**Data shown**:

● ● ●

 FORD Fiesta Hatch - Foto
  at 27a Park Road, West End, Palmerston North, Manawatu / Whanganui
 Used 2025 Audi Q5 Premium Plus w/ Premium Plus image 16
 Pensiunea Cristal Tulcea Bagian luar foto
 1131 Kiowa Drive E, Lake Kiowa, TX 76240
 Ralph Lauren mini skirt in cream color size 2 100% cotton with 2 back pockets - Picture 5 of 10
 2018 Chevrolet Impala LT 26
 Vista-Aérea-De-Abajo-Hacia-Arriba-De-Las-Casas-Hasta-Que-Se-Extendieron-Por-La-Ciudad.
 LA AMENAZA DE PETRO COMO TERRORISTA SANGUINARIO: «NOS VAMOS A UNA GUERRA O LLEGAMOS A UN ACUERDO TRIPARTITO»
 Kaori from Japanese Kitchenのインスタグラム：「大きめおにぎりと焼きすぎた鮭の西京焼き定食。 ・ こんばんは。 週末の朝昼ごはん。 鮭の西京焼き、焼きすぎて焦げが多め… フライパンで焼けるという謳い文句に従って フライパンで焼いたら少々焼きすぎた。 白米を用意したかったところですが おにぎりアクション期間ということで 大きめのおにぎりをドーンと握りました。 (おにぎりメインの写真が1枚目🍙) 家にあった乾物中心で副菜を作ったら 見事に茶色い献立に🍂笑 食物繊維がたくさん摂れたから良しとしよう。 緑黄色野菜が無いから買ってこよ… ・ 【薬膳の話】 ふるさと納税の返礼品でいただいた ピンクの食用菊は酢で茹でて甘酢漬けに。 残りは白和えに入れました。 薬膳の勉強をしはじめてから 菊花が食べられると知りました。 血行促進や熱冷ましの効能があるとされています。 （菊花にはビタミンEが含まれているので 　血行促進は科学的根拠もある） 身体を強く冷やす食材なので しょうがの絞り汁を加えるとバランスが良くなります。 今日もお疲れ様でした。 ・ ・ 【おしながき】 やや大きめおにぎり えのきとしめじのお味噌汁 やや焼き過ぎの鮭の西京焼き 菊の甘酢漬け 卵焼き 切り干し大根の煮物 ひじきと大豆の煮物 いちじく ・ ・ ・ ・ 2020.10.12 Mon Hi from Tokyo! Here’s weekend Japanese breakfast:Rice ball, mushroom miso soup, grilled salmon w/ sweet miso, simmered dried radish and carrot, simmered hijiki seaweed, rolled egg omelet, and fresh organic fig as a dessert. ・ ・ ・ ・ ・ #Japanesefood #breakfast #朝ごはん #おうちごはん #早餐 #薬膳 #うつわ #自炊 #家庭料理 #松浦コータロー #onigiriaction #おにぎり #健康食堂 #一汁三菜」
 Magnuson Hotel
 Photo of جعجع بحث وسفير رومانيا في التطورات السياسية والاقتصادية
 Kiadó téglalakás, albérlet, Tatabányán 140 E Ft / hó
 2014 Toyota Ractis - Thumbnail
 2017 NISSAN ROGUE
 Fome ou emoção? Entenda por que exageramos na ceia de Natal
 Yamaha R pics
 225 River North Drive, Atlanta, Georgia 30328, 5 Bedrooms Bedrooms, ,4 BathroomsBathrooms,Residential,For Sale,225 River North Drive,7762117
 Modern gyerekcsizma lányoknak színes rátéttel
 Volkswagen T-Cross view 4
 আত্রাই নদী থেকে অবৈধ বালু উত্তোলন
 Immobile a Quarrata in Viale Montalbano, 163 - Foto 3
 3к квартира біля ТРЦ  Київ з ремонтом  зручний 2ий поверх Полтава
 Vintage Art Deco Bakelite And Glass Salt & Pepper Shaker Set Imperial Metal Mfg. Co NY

● ● ●

**Exercise aim**:
Whichever lines of the records above hold the word "North" should all be copied out.

**Completed exercise**:
  at 27a Park Road, West End, Palmerston North, Manawatu / Whanganui
 225 River North Drive, Atlanta, Georgia 30328, 5 Bedrooms Bedrooms, ,4 BathroomsBathrooms,Residential,For Sale,225 River North Drive,7762117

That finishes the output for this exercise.